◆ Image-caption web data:
*** Block opens ***

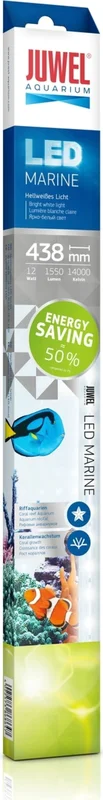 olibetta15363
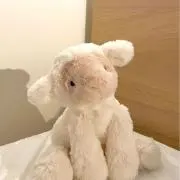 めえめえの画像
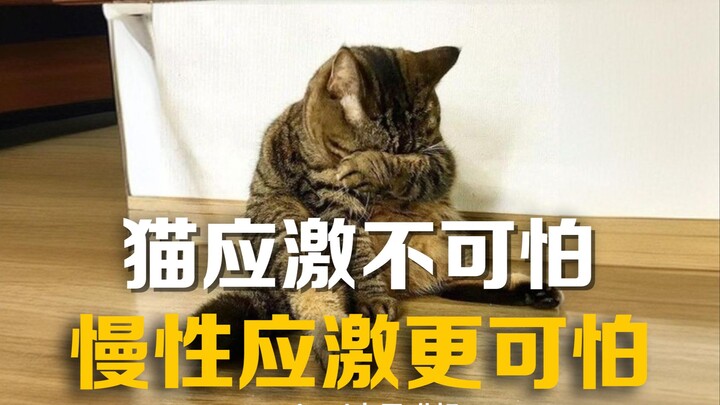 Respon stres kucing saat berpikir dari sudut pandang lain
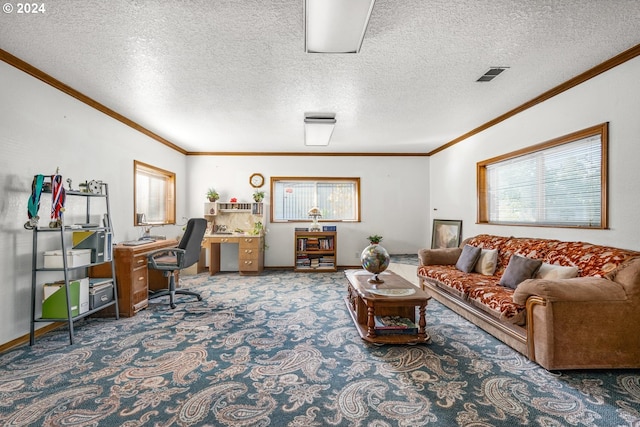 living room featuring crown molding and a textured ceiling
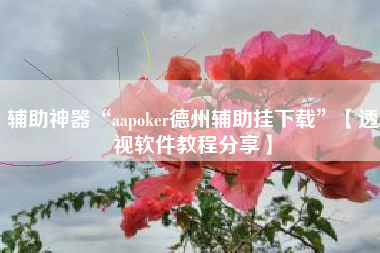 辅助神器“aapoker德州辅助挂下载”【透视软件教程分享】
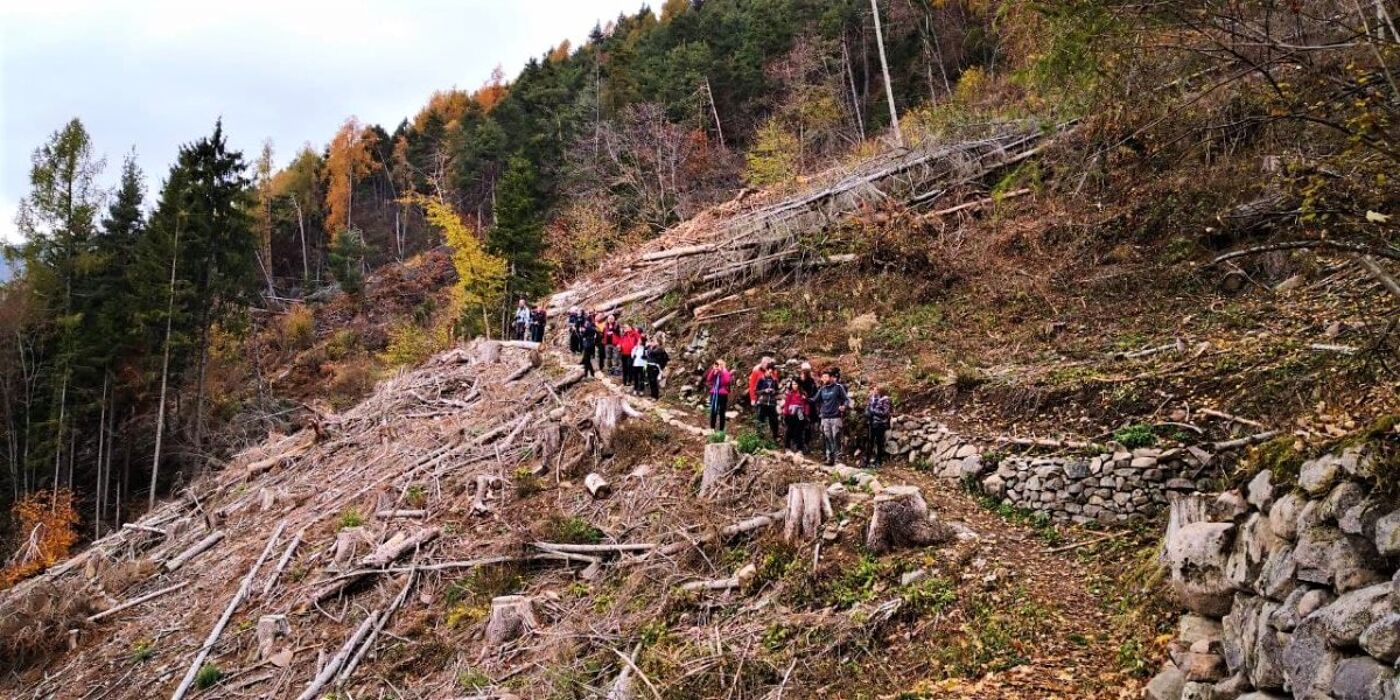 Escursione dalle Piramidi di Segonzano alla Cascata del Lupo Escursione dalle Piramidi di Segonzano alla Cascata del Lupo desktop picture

*** Block closes ***

◆ What is needed: Leave out the pictures and retype the rest of the entries exactly.

◆ Written solution:
 olibetta15363
 めえめえの画像
 Respon stres kucing saat berpikir dari sudut pandang lain
 living room featuring crown molding and a textured ceiling
 辅助神器“aapoker德州辅助挂下载”【透视软件教程分享】
 Escursione dalle Piramidi di Segonzano alla Cascata del Lupo Escursione dalle Piramidi di Segonzano alla Cascata del Lupo desktop picture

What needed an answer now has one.